On thy cold grey stones, O Sea ! ”

The speaker asks the sea to crash into the shore and change into foam.
Perhaps, he intends to break the silence of his heart which impedes him to “utter /
The thoughts that arise in” him. Repetition of the word “break”, as one may say,
underscores his intention to break the unbearable silence. Both “cold” and “grey”
might be associated with death, morbidity and mournfulness. Crashing of waves
on “cold, grey” stones may help the speaker express his feelings and come out of
the paralyzing distress.

From the second stanza, the poet begins to liberate the focus of the poem to
an active and fruitful life. The sea is an indispensable part of that life. The
speaker wistfully watches the fisherman’s boy playing with his sister; the sailor
lad who sings rowing down the sea; and the stately ships which sail with the
purpose of trade. Perhaps, the ceaseless motion of life is what this picture relates.
This motion is heedless of personal anxiety and pain.
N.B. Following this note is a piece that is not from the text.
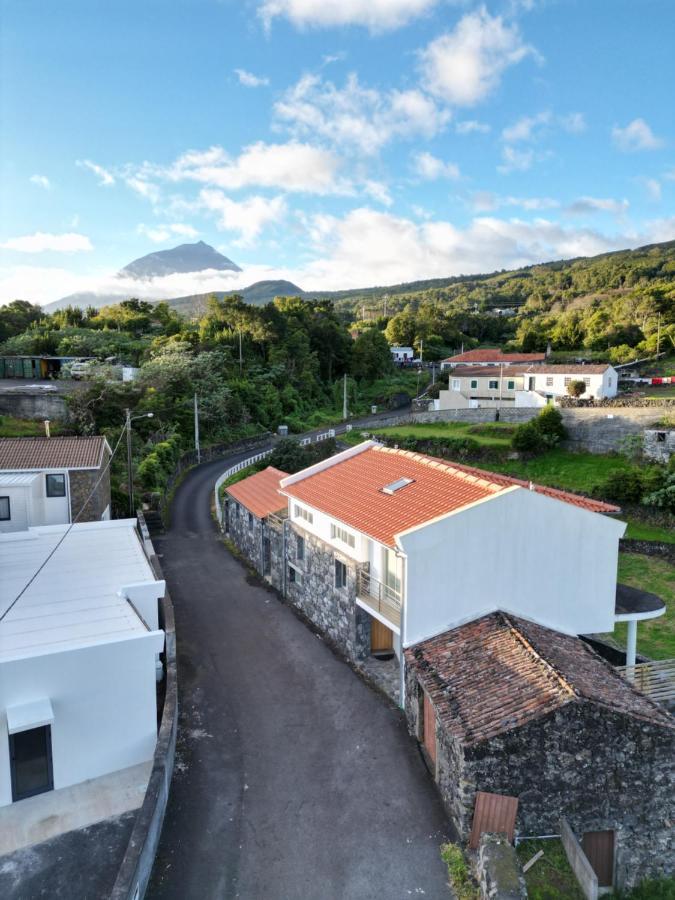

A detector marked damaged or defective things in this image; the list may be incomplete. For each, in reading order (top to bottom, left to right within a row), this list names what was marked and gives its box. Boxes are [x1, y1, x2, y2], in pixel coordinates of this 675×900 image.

rusty metal roof [0, 436, 107, 472]
rusty metal roof [404, 612, 672, 744]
Hence the contrast between
the world of the speaker and that of the fisherman’s boy or the sailor lad. The
former is saddening; while the latter is vibrant with joy. The speaker can only
gaze at the gladdening life. He cannot integrate himself into it since he is weighed
down with someone’s memory. Though the identity of that person is ambiguous,
we can infer that he is someone who is very near to the speaker’s heart. Even after
that person’s death, the speaker feels the touch of his “vanish’d hand” and the
“sound of” his voice.

It is often conjectured that “Break, Break, Break” is a requiem of


Tennyson’s close friend and fellow poet, Arthur Henry Hallam. If this idea is
endorsed, the “vanish’d hand” and the “sound of a voice that is still” would
belong to none other than Hallam, who died suddenly of a cerebral hemorrhage at
a very young age leaving Tennyson alone and sad.
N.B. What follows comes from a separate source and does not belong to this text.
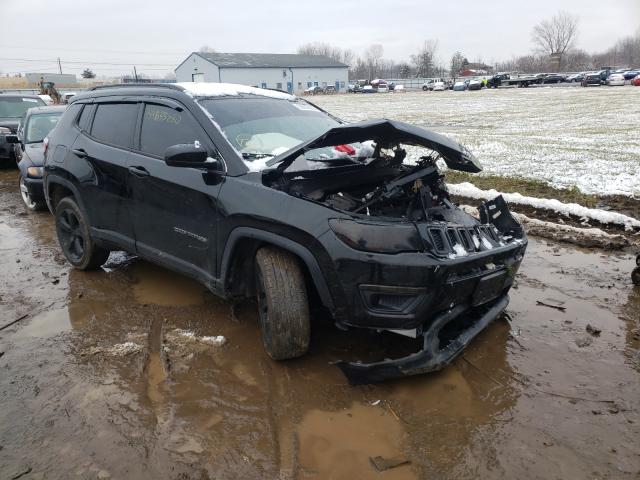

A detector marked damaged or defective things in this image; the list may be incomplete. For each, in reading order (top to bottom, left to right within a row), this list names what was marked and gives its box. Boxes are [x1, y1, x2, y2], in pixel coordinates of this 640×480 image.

damaged black suv [43, 81, 524, 382]
damaged headlight [328, 218, 422, 253]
In the concluding stanza, the speaker reverts to the scene of sea-waves


crashing on rocks. The sea does this continuously, being completely indifferent to
the speaker’s bereavement. Presumably, the scene is suggestive of Nature’s or
life’s incessant, eternal movement which is totally apathetic to human sorrow or
personal loss. The poem, thus, ends on a sad note: “the tender grace of“ the time
spent with his beloved one will “never come back to” the poet.